*Work item:* Would you retype exactly the lines below, starting with the one that has "西厢有情|别着急，属于你的爱情，在路上" and going on through the one that has "刺柏批發(fā)，刺柏價格，刺柏種植基地，賣刺柏", with no pictures and nothing else?

*Information provided:*
.....
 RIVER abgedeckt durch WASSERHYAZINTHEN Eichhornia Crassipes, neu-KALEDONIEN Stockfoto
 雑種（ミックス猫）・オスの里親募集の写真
.....
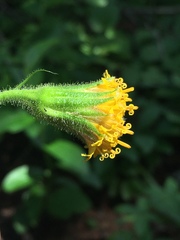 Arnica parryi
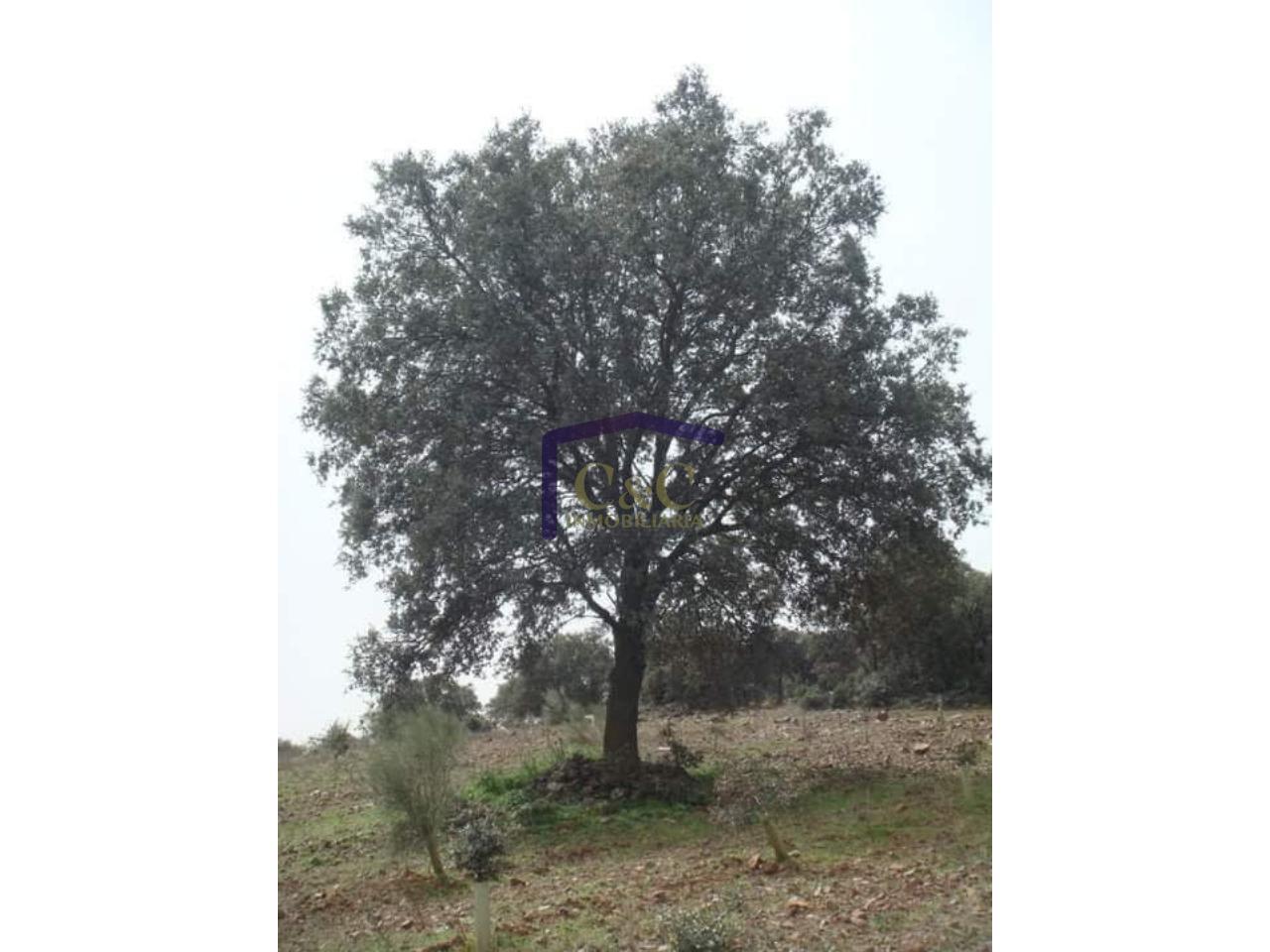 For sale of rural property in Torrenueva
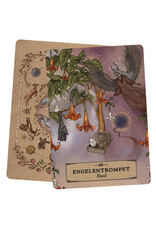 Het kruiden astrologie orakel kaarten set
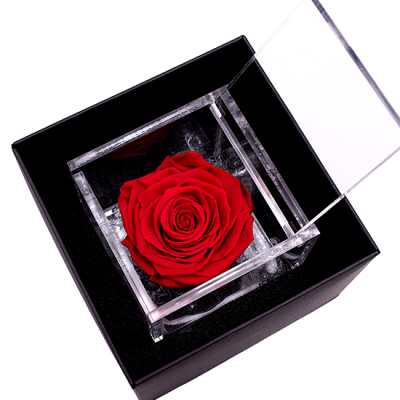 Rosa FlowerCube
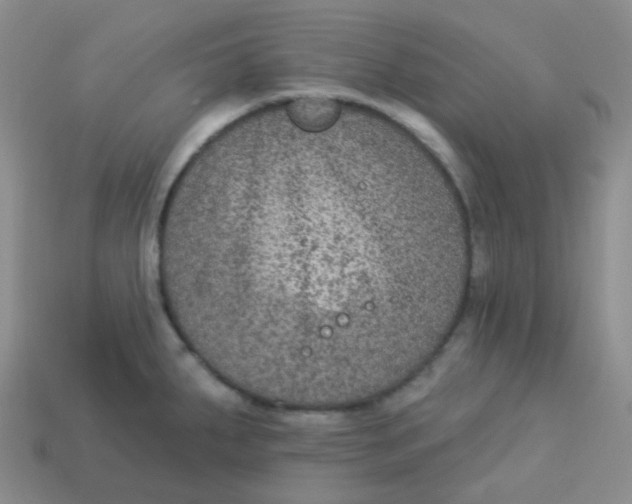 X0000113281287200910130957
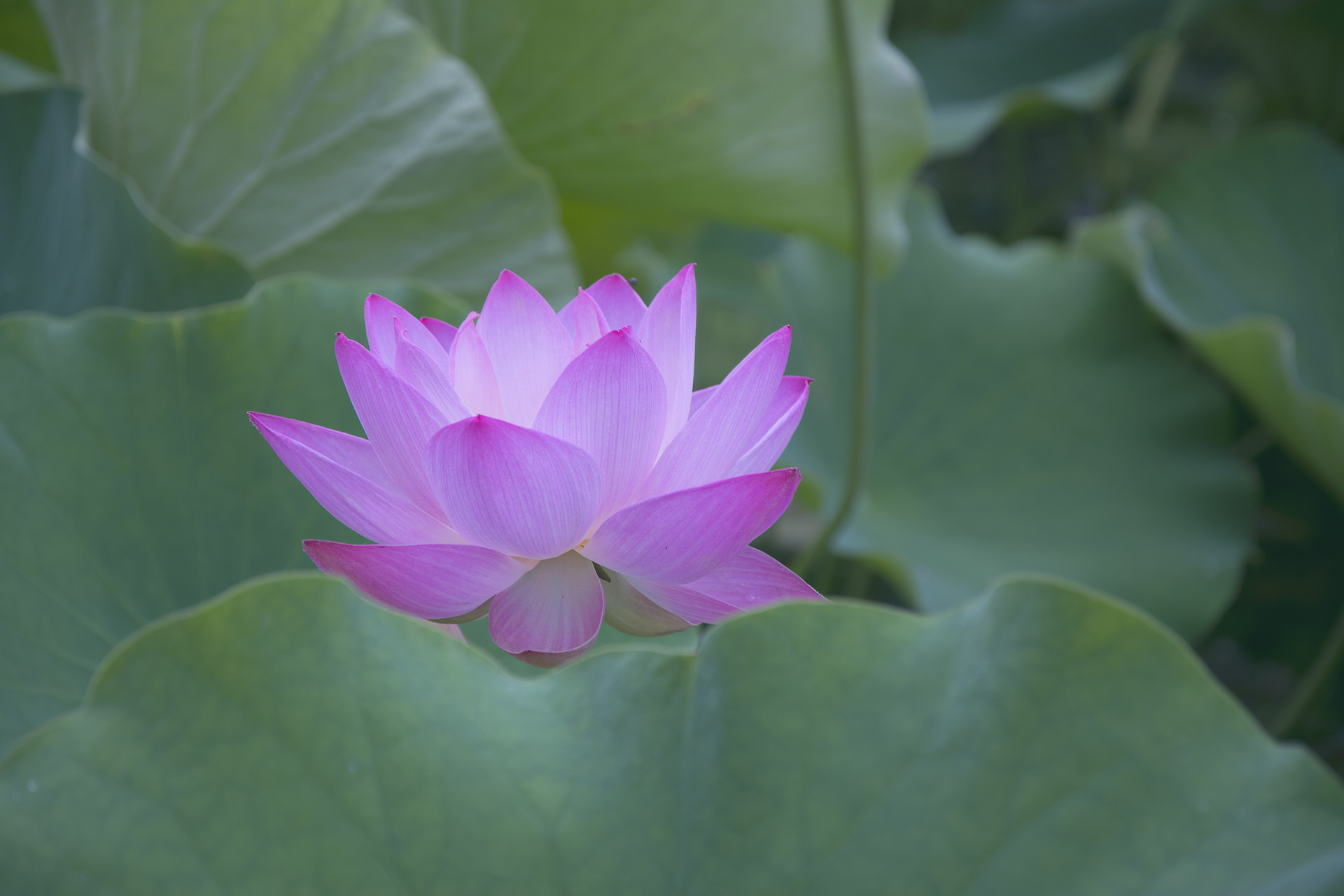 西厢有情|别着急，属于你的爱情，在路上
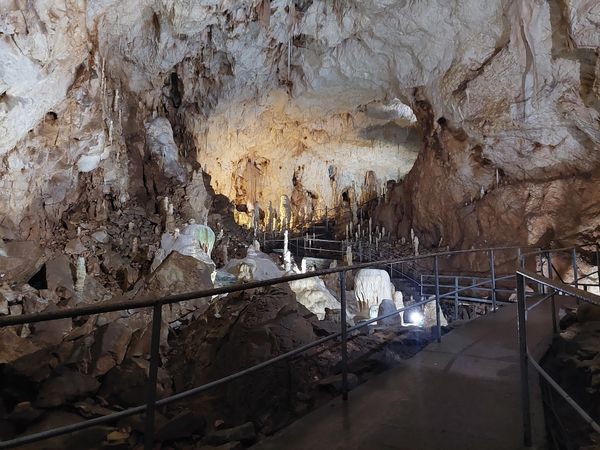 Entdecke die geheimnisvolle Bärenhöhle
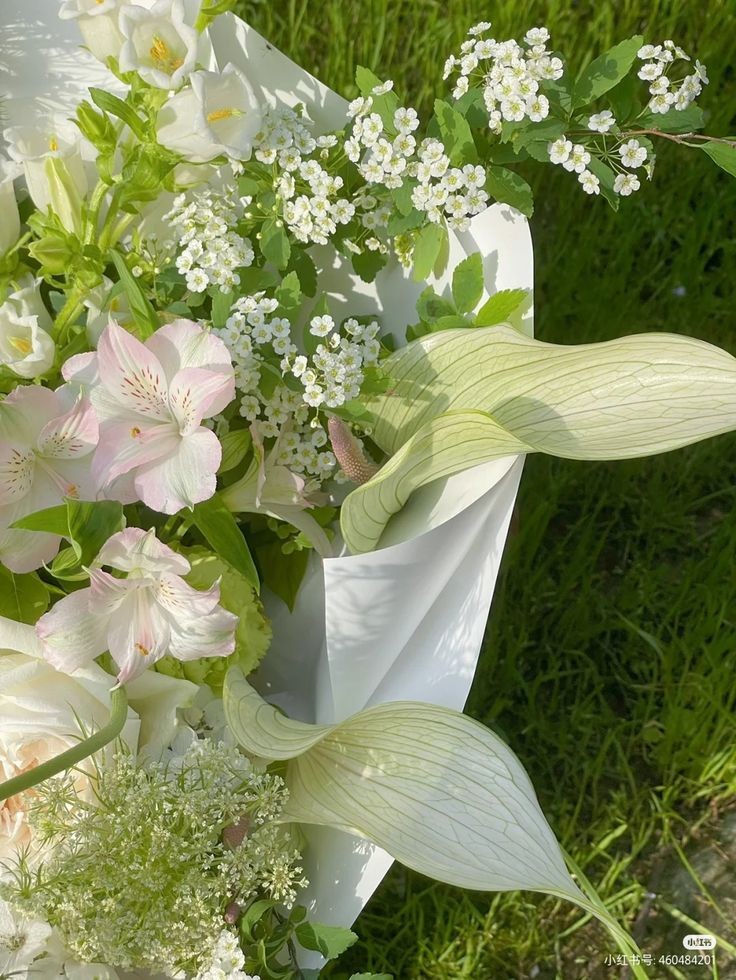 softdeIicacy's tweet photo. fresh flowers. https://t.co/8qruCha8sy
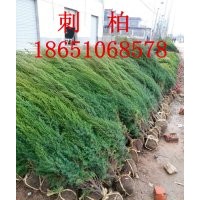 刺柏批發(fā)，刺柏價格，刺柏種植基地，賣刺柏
.....
*Solution to this exercise:*
 西厢有情|别着急，属于你的爱情，在路上
 Entdecke die geheimnisvolle Bärenhöhle
 softdeIicacy's tweet photo. fresh flowers. https://t.co/8qruCha8sy
 刺柏批發(fā)，刺柏價格，刺柏種植基地，賣刺柏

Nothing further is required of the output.